Parkway Park is a neighbourhood in College Ward in Ottawa, Ontario, Canada. It is bounded to the north by the Queensway, to the west by Cobden Road, to the south by Baseline Road and to the east by Pinecrest Creek and the OC Transpo Transitway.

Developed during the late 1950s and early 1960s along with the nearby neighbourhoods of Kenson Park, Queensway Terrace North and South, Bel-Air Park and Ridgeview.

The community is mostly middle class. In the Iris, Cobden and Elmira areas there are community housing projects. To the west of the projects is a small shopping strip on Cobden.

Around Baseline, Highgate and Westbury there are three-story apartment buildings owned by Minto. Many Algonquin College students live there.
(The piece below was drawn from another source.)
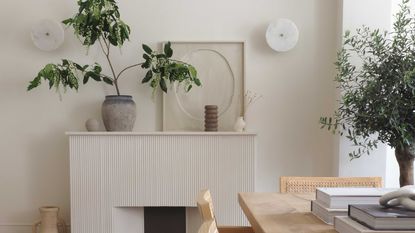 a ridged fireplace with a dining table in front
Parkway Park is home to three schools: Terre-des-Jerres, Bishop Hamilton Montessori School and Joan D'Arc. Joan D'Arc is a girls private school (the school used to be Queensway Public School until its closure in 1999). Terre-des-Jerres recently moved from the former Whitehaven Public School location. The built used to be Des Laurier High School which moved the former J. S. Woodsworth Secondary School location on Chesteron and Viewmount Drive in Parkwood Hills.

It is also home to the 2 parks, Parkway Park and Pinecrest Recreation Park with a baseball diamond. The Pinecrest Recreation Centre features meeting rooms, a gym, a swimming pool and a hockey arena a named after Canadian skater Barbara Ann Scott. Next to the arena there is a court named after Barbara Ann Scott with townhouses.